O principal efeito especial – espantemo-nos – é o trabalho físico de Tom Hardy – nunca o vimos tão desconfortável no seu próprio corpo, tão desagradável à vista.
Muito se falou das promessas de que este seria um dos filmes mais negros e violentos da Marvel, aproveitando o caminho deixado aberto por esse gore fest, pedaço sulfuroso de kulturkritik, chamado Deadpool (2016). É verdade que, neste particular, Venom defrauda expectativas. É verdade que a personagem da besta parasitária from outer space é viscosamente horrífica, parecendo ser parente de uma das mutações do monstro de The Thing (Veio do Outro Mundo, 1982) de John Carpenter ou de um dos filmes da saga Alien. Esse horror corpóreo está lá e, aliás, começa com essa verdadeira escultura de voz que Hardy criou para este canceroso ser que o habita. Contudo, também é verdade que há um componente cartoony nesta incursão dark num filme Marvel que impede que tudo vá mais longe – não me recordo de um pingo de sangue, nem de me sentir propriamente ameaçado pelas várias investidas desta descontrolada ameaça in corpus. Ressalvando tudo isto, Venom é datado e é campy comme il faut. É divertimento liberto da metafísica enfatuada de alguns filmes DC, como os de Christopher Nolan e Zack Snyder, e o seu principal efeito especial – espantemo-nos – é o trabalho físico de Tom Hardy – nunca o vimos tão desconfortável no seu próprio corpo, tão desagradável à vista e, sempre sujo, mal-cheiroso, ao próprio olfacto.

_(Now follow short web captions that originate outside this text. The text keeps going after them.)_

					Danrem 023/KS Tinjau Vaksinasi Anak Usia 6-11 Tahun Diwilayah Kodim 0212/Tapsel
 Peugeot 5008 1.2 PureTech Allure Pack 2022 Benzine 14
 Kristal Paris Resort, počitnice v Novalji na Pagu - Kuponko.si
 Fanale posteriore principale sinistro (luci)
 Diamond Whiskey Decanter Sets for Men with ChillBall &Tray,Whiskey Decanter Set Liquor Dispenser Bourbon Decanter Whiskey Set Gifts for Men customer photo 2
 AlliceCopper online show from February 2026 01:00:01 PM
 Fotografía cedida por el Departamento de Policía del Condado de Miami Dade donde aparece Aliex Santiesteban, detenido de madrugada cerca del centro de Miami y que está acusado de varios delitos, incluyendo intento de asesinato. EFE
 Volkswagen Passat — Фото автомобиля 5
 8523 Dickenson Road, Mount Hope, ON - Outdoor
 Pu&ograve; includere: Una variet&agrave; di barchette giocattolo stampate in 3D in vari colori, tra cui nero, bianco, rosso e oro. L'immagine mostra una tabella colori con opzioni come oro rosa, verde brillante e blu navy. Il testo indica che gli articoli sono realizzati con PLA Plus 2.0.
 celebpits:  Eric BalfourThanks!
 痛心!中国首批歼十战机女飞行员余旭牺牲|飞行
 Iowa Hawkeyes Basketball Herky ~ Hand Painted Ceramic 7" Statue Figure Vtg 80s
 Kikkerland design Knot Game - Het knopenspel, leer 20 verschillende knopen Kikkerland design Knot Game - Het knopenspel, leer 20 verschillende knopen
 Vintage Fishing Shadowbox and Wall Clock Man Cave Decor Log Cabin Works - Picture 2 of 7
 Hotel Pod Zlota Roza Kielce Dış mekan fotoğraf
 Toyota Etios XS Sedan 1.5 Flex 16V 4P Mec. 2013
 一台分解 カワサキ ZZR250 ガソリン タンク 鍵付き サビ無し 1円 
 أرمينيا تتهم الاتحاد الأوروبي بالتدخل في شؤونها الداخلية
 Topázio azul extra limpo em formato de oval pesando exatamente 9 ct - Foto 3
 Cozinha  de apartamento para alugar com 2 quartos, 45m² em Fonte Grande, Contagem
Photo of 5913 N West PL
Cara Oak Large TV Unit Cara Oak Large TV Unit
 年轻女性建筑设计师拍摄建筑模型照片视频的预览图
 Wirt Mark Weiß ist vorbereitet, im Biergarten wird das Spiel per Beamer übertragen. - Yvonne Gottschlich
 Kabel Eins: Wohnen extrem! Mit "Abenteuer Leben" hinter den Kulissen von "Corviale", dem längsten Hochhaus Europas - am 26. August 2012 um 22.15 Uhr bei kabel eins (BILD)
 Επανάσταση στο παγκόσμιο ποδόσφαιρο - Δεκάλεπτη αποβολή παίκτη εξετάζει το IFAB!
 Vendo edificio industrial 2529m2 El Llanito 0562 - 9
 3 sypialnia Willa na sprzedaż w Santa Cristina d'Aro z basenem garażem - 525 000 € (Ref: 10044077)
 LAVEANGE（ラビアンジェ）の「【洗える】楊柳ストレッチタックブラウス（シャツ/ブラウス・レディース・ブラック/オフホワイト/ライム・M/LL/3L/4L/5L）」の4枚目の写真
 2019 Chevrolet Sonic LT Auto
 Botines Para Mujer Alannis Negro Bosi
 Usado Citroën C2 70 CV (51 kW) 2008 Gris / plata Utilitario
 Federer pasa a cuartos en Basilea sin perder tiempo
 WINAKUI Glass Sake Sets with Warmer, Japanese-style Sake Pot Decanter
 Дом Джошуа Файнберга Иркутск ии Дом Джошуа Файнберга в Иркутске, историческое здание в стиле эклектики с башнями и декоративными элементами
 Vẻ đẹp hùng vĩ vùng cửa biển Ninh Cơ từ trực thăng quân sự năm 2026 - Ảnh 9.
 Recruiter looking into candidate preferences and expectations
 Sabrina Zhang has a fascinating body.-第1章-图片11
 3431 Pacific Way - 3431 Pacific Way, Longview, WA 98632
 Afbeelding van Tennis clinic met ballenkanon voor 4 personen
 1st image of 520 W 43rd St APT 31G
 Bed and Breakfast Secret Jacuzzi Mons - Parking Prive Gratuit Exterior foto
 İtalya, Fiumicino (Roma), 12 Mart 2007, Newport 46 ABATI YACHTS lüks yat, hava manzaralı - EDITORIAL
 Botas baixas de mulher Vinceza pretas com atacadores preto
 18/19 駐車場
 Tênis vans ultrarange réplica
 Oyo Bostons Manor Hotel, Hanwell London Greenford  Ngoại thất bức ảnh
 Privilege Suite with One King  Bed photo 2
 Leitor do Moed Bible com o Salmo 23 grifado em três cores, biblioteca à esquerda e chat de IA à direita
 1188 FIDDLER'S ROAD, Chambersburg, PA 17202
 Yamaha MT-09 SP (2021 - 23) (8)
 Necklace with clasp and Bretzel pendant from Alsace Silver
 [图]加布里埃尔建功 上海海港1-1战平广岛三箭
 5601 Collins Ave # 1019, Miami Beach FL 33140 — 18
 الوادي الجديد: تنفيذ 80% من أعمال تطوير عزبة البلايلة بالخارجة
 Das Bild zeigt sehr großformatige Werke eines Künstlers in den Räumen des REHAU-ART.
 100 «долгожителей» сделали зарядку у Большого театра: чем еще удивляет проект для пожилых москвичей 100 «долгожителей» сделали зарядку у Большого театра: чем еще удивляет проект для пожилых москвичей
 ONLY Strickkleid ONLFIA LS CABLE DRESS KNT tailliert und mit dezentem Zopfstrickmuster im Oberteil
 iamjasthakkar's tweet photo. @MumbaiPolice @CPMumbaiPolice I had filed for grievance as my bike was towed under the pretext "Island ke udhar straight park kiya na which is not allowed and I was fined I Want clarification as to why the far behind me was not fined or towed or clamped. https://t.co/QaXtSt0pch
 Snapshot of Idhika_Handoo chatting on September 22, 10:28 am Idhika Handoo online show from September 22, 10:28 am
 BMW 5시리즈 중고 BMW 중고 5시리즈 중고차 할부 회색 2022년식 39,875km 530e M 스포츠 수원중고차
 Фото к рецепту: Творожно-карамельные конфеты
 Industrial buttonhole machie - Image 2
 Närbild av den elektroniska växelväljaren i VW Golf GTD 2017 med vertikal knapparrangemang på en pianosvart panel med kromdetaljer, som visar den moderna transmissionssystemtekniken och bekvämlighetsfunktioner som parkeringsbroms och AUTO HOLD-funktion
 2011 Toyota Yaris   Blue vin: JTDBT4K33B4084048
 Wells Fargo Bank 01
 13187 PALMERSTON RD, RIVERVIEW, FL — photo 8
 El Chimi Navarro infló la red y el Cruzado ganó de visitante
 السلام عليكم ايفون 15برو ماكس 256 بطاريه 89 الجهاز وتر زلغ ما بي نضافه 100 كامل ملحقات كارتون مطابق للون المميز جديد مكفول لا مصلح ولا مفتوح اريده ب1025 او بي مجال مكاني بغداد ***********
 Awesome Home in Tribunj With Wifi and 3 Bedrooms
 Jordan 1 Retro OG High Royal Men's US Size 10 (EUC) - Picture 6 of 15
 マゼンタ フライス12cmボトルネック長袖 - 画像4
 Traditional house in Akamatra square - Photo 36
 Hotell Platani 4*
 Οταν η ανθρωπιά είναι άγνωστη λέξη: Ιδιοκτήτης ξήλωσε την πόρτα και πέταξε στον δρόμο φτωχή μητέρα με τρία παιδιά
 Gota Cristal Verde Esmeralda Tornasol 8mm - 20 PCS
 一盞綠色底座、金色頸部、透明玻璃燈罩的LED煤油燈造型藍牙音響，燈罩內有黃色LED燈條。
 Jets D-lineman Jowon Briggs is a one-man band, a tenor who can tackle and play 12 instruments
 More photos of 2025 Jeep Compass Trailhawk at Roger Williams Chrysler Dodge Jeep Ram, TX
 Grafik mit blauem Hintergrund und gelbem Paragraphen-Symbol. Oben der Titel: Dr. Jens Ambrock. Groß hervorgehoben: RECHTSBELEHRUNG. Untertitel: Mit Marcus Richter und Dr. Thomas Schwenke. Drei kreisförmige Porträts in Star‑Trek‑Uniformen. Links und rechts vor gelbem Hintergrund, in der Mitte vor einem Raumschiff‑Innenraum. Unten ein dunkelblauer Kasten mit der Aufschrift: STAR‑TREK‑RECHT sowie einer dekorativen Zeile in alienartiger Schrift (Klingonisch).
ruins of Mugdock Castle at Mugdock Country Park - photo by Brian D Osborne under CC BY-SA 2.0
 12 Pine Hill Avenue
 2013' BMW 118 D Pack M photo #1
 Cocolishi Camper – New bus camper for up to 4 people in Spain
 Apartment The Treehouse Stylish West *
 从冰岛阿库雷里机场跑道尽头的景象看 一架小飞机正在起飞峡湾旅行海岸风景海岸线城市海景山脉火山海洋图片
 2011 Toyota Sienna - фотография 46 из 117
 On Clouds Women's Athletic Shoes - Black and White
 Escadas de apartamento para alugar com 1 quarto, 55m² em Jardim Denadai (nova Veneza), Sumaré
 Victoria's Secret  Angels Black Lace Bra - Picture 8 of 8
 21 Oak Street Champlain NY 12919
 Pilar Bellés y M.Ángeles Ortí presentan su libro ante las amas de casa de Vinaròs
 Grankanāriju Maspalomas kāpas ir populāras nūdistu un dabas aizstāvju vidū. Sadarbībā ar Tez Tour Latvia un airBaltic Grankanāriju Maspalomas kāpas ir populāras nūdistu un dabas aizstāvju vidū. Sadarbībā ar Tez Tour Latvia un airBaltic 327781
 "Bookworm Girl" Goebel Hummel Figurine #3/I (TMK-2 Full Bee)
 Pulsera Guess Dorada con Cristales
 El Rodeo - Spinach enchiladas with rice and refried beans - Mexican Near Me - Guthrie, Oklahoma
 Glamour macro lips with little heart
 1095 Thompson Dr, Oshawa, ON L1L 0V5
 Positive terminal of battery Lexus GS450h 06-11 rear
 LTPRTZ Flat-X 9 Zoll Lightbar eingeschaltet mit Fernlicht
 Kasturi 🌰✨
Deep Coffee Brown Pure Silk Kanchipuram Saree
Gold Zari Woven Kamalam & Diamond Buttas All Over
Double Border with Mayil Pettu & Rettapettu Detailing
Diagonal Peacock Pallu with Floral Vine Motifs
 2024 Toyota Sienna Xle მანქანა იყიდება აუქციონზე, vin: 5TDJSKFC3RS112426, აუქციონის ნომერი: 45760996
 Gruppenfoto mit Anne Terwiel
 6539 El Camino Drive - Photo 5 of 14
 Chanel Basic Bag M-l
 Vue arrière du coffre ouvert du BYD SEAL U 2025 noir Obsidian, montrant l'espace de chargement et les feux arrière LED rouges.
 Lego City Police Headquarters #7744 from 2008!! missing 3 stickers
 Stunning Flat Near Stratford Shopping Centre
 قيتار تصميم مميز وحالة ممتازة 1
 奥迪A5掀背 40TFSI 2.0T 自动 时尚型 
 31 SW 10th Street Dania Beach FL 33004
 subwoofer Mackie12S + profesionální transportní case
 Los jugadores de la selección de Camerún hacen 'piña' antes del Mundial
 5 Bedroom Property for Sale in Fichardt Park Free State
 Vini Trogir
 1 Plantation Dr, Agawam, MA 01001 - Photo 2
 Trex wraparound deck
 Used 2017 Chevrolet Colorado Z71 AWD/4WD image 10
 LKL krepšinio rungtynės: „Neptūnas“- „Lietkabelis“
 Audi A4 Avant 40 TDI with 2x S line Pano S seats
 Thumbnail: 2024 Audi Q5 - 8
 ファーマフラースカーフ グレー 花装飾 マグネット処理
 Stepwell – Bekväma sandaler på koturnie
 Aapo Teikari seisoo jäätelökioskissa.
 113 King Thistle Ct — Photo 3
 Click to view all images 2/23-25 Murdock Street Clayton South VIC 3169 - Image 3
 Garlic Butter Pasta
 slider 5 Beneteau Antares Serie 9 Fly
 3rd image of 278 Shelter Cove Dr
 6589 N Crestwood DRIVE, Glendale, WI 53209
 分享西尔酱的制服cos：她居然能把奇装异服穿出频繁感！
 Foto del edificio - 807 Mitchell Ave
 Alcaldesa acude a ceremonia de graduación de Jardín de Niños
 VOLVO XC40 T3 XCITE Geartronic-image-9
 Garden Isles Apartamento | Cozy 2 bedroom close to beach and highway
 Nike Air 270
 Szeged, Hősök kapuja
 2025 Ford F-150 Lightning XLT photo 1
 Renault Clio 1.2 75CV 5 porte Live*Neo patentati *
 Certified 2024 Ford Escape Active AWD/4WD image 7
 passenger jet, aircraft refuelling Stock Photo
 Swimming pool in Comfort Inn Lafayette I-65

Alguns pediriam certamente mais, mas esses também já devem estar esquecidos do muito lamentável Spider-Man 3 (Homem-Aranha 3, 2007), de um irreconhecível Sam Raimi, filme em que a personagem de Venom dava um ar de sua graça, mas sem deixar qualquer rasto duradouro na nossa memória. Ironicamente, o filme de Fleischer, realizador que conhecia de Zombieland (Bem-vindo à Zombieland, 2009), está mais próximo da melhor face de Raimi – falo, obviamente, do já citado Darkman, mas também dos três Evil Dead. O último filme de Leigh Whannell, a produção indie Upgrade (2018), também se baseia numa narrativa do corpo, estando o protagonista à mercê de uma força que este não consegue controlar, mas curiosamente, nas barbas da indústria, com um orçamento multimilionário, Venom é uma obra mais audaz. De onde vem essa audácia? Deste gesto de entrega a um actor, ao seu trabalho de composição, ao modo como este, física e moralmente, desfigura o típico discurso – vagamente fascista – da mais pura e transversal exemplaridade do homem providencial e de gáudio quanto à sua ariana perfeição. Hardy, o actor, o corpo, é o cenário de todos os combates aqui, epicentro de todas as contaminações entre alma e corpo, entre bem e mal, entre o bem mais frouxo e o mal mais revigorante.